▸ **What to do**
Copy the data exactly as it appears, and do not include any pictures.

▸ **Raw data**

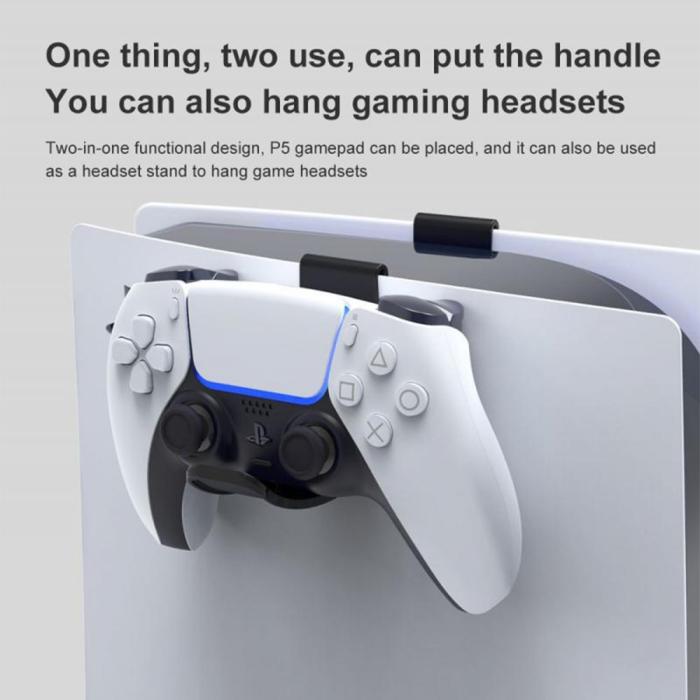 Bild 6, iPega iPega 2-PACK Fäste För PS5 Handkontroll/Pulse Headset Svart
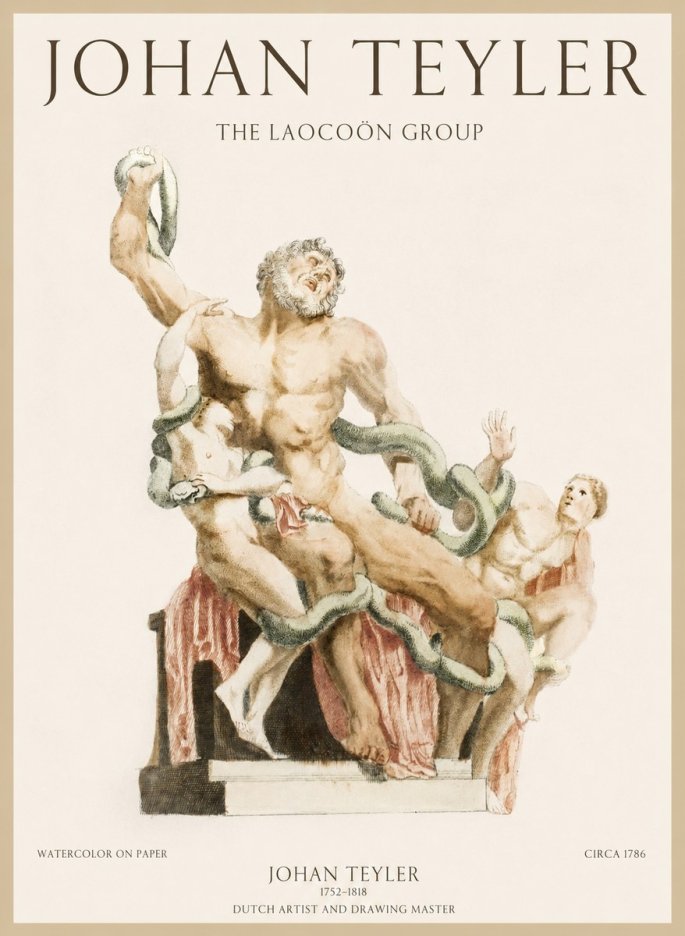 Johan Teyler The Laocoön Group No1 - Plakat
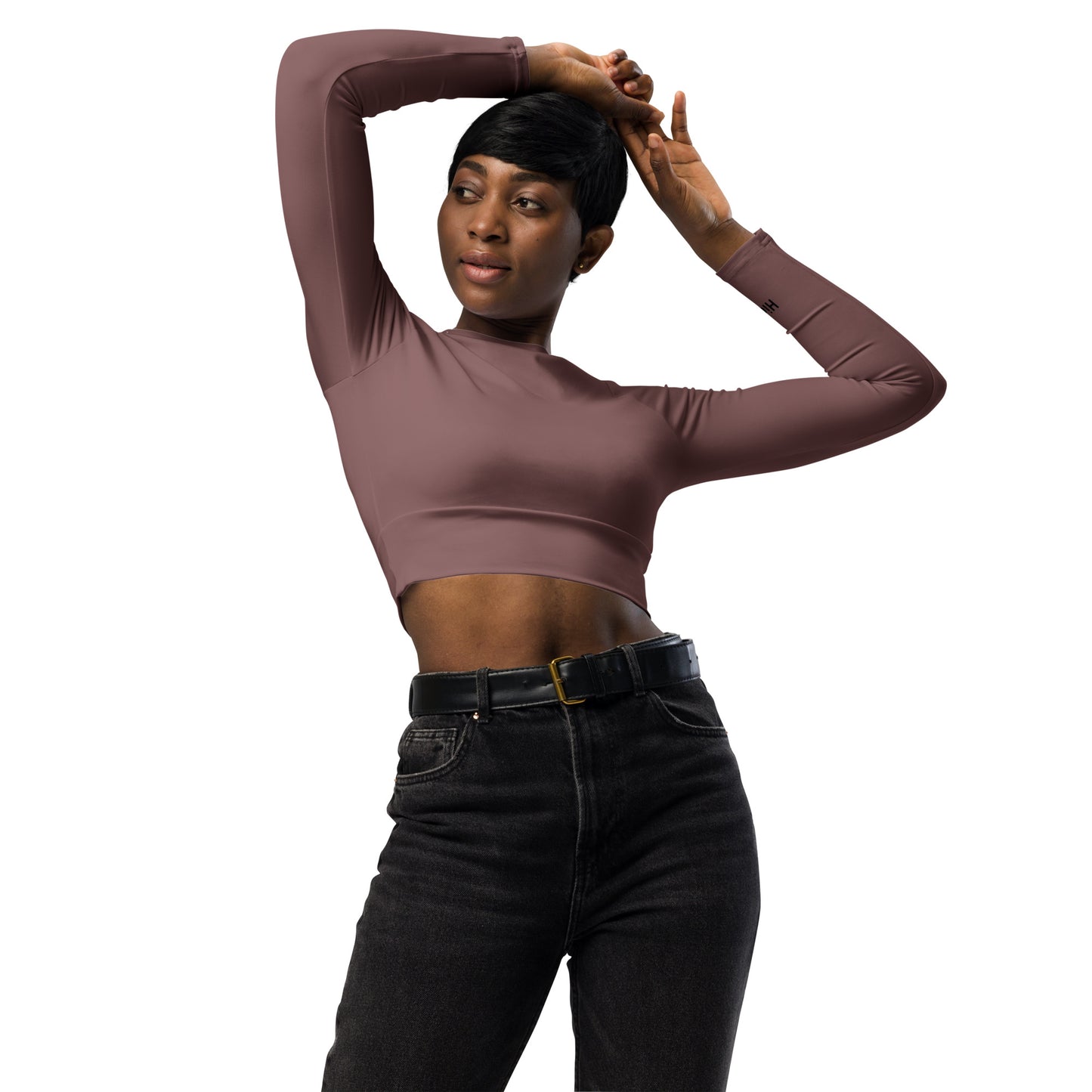 Recycled long-sleeve crop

▸ **Finished task**
 Bild 6, iPega iPega 2-PACK Fäste För PS5 Handkontroll/Pulse Headset Svart
 Johan Teyler The Laocoön Group No1 - Plakat
 Recycled long-sleeve crop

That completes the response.